By John Subritzky
Wayne has been a mayor before in the Far North. At a stage of life when most people would be taking it a bit easier, he is driven to accomplish change. Wayne has ridden a wave of discontent about Auckland Council and Auckland Transport in particular. He was also helped in his bid for Mayor by the decline in support for Labour.
Determined to “fix” Auckland, his philosophy could be summed up by the headline to an article about him a couple of years back “Councils led by former MPs never get anything done”. His friend, former Waitakere Mayor, Bob Harvey calls Wayne a “disruptor”.

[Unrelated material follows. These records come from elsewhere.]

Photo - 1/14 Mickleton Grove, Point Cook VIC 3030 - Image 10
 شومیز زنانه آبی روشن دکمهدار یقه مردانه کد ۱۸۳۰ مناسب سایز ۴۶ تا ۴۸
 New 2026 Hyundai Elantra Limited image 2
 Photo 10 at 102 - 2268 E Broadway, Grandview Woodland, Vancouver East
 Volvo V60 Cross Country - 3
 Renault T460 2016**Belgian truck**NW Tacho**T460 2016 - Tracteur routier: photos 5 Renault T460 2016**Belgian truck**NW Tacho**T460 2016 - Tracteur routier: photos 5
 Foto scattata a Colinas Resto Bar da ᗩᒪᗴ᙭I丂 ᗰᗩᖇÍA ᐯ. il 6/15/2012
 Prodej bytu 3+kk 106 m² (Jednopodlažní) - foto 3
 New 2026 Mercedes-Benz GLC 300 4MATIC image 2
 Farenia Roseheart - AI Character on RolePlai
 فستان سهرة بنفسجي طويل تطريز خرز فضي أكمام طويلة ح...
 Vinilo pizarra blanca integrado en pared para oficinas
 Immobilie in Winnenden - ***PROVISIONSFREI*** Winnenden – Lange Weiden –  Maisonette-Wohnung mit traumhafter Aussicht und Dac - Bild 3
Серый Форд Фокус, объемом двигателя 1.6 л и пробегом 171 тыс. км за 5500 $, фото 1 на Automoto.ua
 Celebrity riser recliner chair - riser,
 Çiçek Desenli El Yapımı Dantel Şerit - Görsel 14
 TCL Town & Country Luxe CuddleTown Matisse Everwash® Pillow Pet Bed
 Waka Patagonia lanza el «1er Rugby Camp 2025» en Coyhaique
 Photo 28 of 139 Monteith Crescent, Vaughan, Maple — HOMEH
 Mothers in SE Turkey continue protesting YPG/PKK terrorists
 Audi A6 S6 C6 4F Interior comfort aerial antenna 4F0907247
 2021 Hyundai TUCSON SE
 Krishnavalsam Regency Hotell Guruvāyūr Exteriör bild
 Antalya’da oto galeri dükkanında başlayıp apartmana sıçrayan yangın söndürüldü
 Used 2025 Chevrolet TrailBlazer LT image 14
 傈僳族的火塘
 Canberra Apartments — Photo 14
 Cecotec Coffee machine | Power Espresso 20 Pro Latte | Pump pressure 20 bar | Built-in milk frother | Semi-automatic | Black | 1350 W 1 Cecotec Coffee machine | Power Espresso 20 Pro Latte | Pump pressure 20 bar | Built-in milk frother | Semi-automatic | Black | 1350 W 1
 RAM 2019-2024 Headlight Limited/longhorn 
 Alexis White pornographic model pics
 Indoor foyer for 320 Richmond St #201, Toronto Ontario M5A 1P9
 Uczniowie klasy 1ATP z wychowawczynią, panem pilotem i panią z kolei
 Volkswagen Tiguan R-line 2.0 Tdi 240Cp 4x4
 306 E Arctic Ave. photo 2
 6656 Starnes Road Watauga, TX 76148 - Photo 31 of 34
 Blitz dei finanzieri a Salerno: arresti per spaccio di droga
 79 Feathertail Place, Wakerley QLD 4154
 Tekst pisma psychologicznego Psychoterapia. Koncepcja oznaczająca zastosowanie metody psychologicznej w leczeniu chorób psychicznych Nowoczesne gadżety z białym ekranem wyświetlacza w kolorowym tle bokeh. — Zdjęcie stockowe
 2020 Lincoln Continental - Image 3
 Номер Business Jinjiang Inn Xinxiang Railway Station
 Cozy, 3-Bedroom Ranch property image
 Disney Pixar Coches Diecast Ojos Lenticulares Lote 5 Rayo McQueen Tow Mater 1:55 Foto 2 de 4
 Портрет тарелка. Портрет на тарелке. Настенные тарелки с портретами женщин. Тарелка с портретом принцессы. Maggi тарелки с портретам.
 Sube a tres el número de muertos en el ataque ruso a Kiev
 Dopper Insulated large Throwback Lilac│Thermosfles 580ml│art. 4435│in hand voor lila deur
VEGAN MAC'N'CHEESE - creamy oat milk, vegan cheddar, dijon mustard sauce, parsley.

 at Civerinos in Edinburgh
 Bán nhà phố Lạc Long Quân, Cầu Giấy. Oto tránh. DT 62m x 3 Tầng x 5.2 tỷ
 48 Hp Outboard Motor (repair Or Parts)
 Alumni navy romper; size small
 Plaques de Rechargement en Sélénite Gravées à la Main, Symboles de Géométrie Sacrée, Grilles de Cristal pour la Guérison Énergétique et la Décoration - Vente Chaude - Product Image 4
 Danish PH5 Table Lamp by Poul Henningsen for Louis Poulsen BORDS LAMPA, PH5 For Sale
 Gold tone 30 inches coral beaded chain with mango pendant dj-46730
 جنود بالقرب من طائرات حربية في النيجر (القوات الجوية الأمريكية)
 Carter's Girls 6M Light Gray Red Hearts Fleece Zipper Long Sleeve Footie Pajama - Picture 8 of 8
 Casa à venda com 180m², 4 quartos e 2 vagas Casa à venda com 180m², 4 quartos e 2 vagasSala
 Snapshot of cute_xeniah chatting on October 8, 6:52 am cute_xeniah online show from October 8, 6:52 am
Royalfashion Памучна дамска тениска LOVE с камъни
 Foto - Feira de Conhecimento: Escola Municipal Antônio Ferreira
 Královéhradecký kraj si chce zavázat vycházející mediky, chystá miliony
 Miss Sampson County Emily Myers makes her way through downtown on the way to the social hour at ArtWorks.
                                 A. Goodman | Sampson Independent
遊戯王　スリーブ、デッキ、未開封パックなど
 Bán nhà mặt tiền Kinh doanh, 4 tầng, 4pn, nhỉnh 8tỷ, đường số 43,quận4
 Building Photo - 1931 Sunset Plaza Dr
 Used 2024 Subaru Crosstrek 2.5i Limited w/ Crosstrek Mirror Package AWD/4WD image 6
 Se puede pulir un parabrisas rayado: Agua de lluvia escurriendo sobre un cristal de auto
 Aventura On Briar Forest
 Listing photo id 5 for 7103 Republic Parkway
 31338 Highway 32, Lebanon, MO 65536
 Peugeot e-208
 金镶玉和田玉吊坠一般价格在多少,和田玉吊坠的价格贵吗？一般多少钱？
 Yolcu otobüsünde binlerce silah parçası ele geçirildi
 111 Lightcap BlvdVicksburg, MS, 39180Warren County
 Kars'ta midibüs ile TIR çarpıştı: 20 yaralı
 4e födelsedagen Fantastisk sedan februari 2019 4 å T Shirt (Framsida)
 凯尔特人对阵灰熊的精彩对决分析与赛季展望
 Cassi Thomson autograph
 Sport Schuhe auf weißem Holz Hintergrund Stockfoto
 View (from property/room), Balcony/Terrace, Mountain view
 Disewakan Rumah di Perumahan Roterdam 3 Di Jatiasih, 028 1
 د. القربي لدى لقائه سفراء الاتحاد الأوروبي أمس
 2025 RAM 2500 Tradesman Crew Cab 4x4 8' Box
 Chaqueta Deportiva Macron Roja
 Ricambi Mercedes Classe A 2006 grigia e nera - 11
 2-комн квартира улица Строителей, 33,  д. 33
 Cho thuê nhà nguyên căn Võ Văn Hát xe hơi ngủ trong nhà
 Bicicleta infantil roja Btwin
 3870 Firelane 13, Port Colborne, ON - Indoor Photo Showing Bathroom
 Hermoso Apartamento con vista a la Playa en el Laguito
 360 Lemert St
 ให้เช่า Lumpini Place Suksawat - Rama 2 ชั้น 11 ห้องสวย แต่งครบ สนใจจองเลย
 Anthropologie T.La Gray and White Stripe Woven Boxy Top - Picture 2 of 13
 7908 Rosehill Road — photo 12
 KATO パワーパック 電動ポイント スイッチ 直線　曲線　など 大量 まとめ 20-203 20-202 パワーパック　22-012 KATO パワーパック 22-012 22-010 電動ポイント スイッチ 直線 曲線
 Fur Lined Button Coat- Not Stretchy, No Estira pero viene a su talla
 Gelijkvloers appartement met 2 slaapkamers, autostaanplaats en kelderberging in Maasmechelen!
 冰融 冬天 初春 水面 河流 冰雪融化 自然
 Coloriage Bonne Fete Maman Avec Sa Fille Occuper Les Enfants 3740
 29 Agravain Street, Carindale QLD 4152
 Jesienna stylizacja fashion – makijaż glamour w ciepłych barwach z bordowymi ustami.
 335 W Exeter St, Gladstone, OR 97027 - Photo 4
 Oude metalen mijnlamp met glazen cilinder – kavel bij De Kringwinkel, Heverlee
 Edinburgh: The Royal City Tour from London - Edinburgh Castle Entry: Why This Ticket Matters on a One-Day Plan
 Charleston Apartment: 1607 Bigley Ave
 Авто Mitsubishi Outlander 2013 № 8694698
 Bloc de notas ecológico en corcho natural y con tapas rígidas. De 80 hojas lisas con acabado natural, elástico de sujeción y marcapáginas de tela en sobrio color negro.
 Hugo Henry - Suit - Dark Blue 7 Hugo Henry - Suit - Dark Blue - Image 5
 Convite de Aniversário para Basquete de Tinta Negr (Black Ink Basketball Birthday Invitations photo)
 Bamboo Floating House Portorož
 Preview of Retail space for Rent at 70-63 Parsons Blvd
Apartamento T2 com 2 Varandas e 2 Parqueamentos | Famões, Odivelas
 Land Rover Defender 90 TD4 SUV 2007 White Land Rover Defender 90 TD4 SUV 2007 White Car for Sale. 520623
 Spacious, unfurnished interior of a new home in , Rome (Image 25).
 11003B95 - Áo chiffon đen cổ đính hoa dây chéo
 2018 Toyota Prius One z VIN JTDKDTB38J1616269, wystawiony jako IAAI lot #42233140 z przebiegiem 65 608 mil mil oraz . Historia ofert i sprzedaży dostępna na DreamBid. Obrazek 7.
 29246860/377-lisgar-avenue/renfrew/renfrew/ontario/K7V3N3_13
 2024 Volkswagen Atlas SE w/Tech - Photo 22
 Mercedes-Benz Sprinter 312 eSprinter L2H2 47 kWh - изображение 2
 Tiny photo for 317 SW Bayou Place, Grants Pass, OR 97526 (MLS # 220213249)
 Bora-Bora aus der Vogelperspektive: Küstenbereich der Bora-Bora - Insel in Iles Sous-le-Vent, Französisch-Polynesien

In May 2021, Wayne told the audience at a Rosebank Business Association meeting, that he was dedicating a year of his life towards his goal of seeing the Ports of Auckland car and container operations moved. He is adamant that the Port of Auckland needs to move. “If you go down Queen Street and turn left towards the Wynyard Quarter you are in the very essence of a liveable city. There is the harbour, people everywhere smiling, nice cafes, fancy office blocks, high wages, and it’s terrific! However, if you go down Queen Street and turn right at the bottom, you are in Gdansk! It’s an ugly several kilometres of unremitting ugliness. The port doesn’t pay rates and doesn’t deliver your stuff on time. You can’t see the harbour or Rangitoto because the view is blocked by car carrier ships.”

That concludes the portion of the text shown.